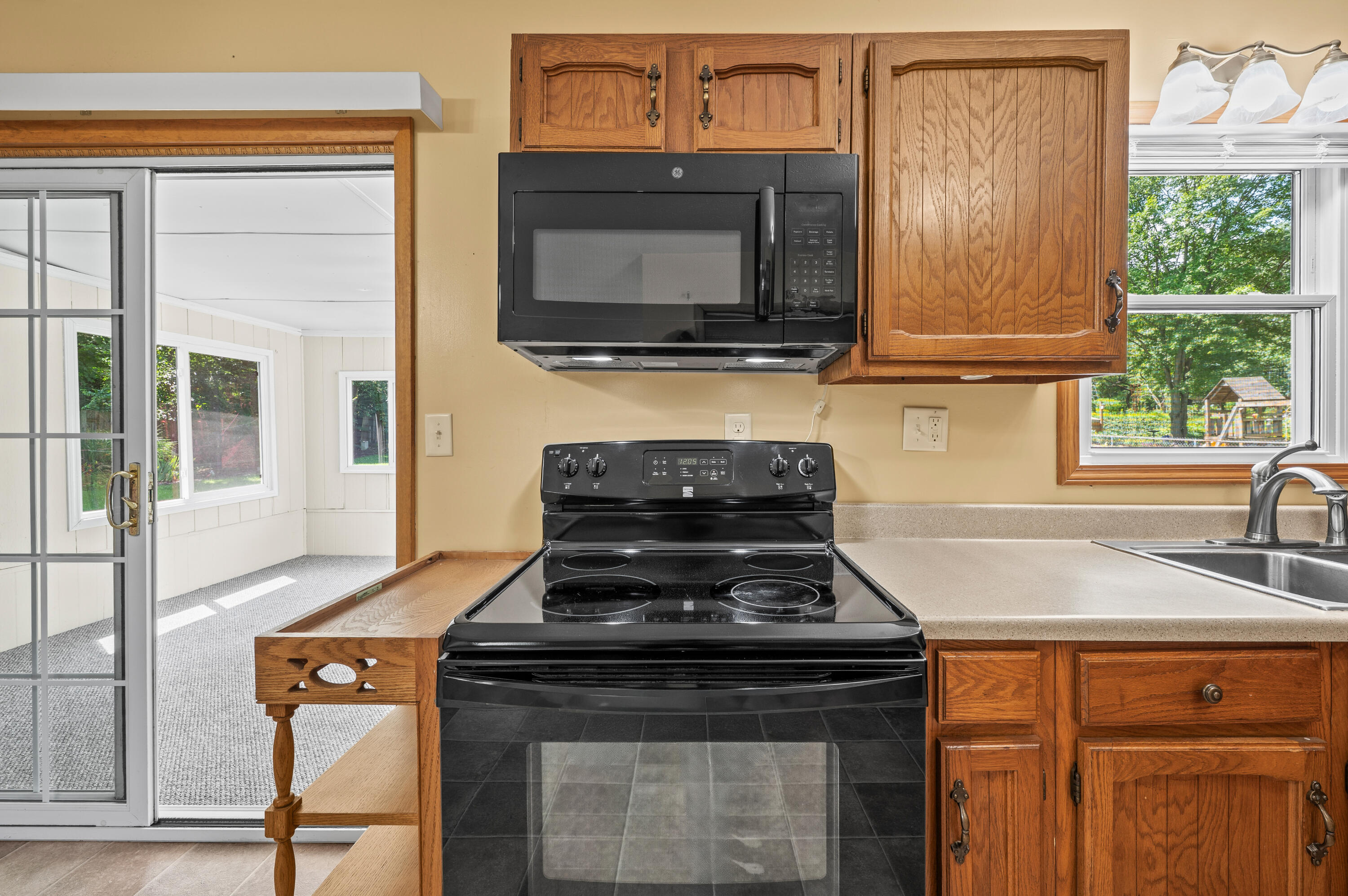2296 Janellen Drive Niles MI 49120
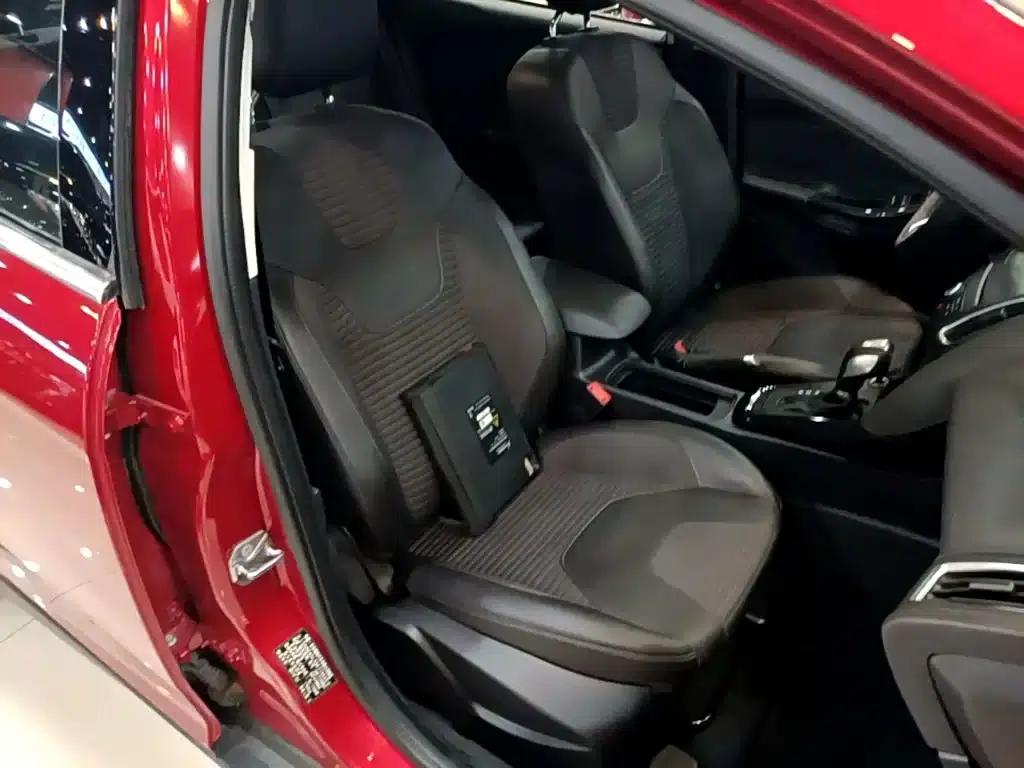 2017 Ford Focus Hatchback EcoBoost 180 Automatic Elite — миниатюра 25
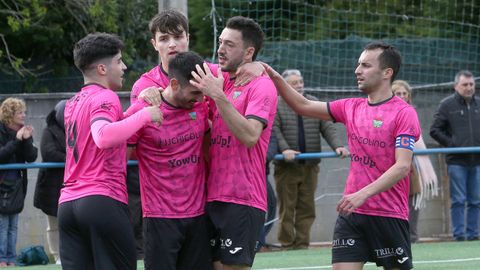 Derbi barbanzano de Preferente entre Cidade de Ribeira y Boiro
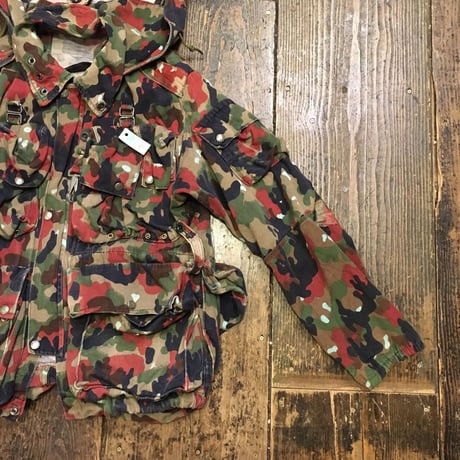 [USED] vintage Switzerland マウンテン CAMO JKT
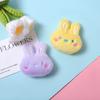 Cartoon de pelúcia coelho boneca boneca broche acessórios squeaky diy animal cocar acessórios acessórios atacado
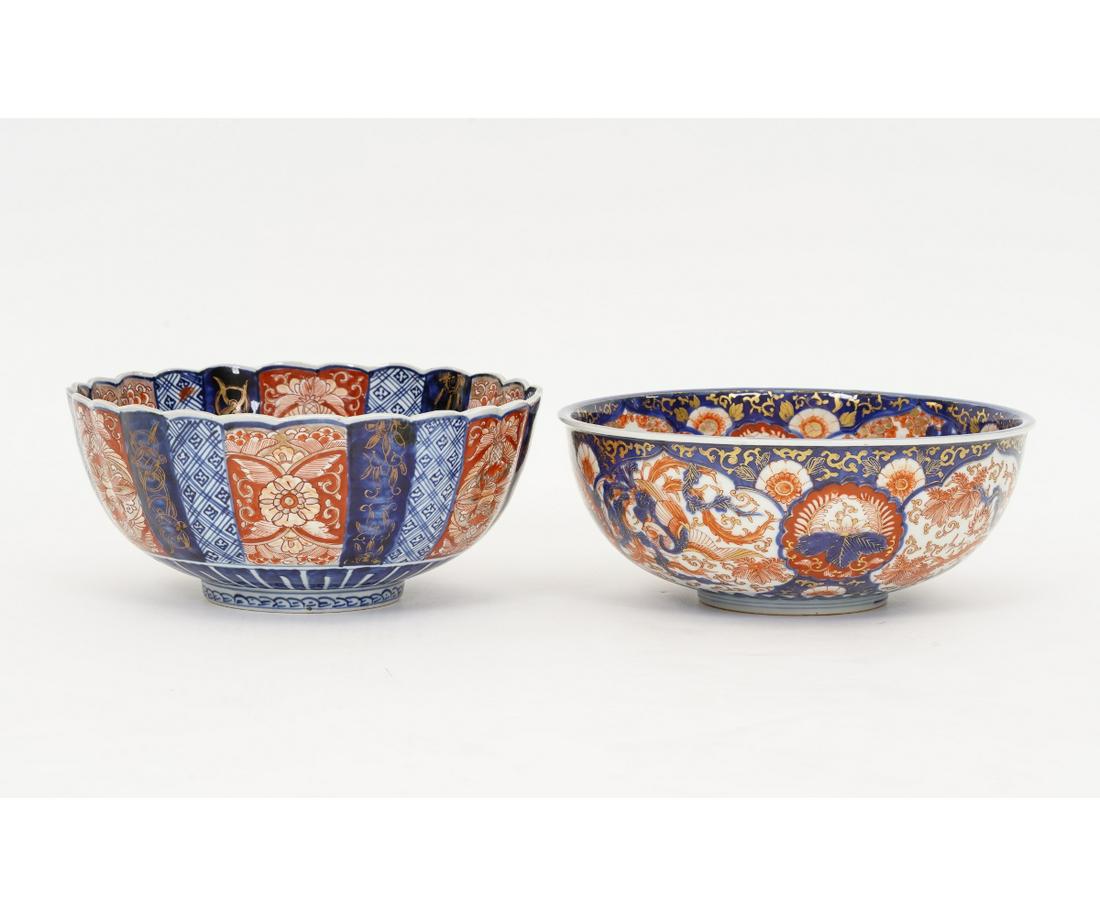 TWO JAPANESE IMARI BOWLS (1 of 7)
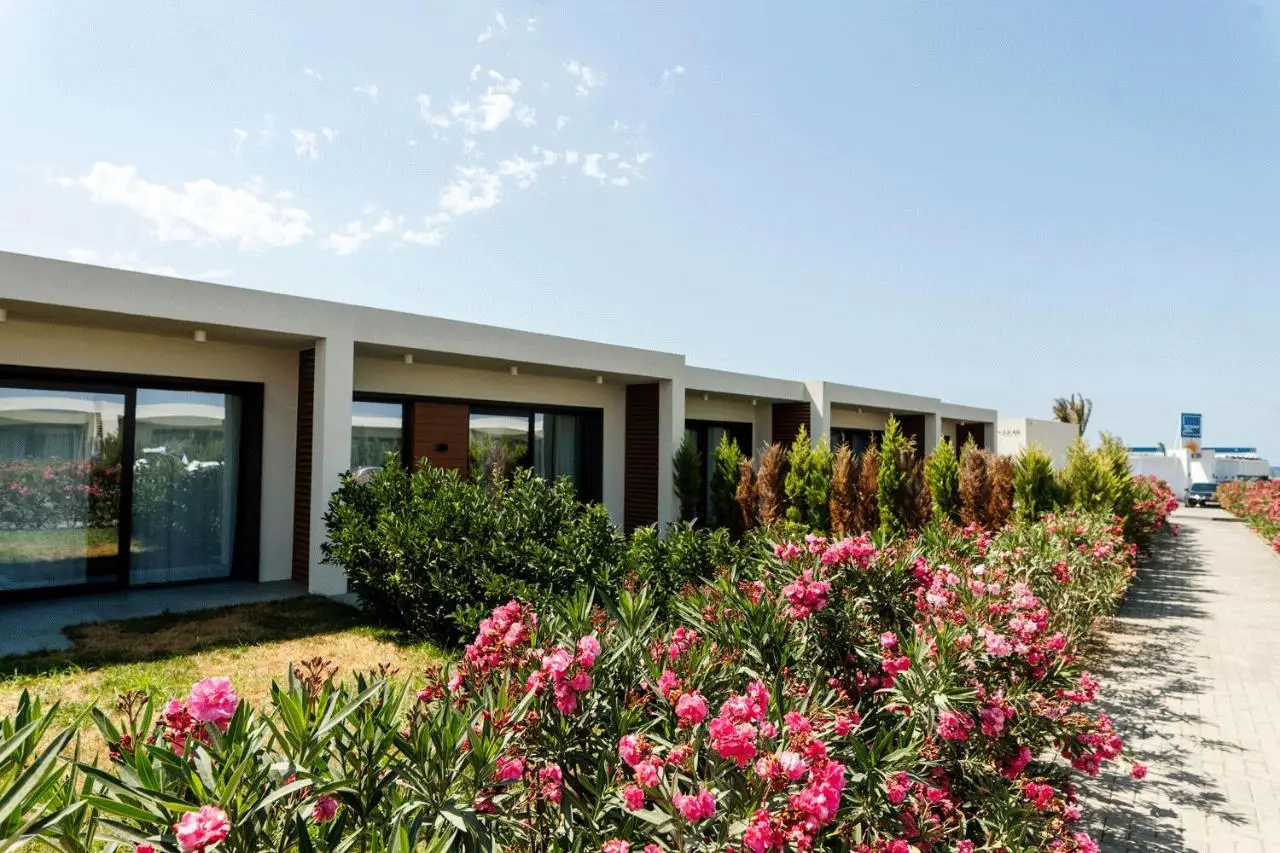 Sea Breeze White Villa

WHAT THE TASK REQUIRES -
Exact transcription of the full listing above is required; images do not belong in it.

RESULT OF THE EXERCISE -
2296 Janellen Drive Niles MI 49120
 2017 Ford Focus Hatchback EcoBoost 180 Automatic Elite — миниатюра 25
 Derbi barbanzano de Preferente entre Cidade de Ribeira y Boiro
 [USED] vintage Switzerland マウンテン CAMO JKT
 Cartoon de pelúcia coelho boneca boneca broche acessórios squeaky diy animal cocar acessórios acessórios atacado
 TWO JAPANESE IMARI BOWLS (1 of 7)
 Sea Breeze White Villa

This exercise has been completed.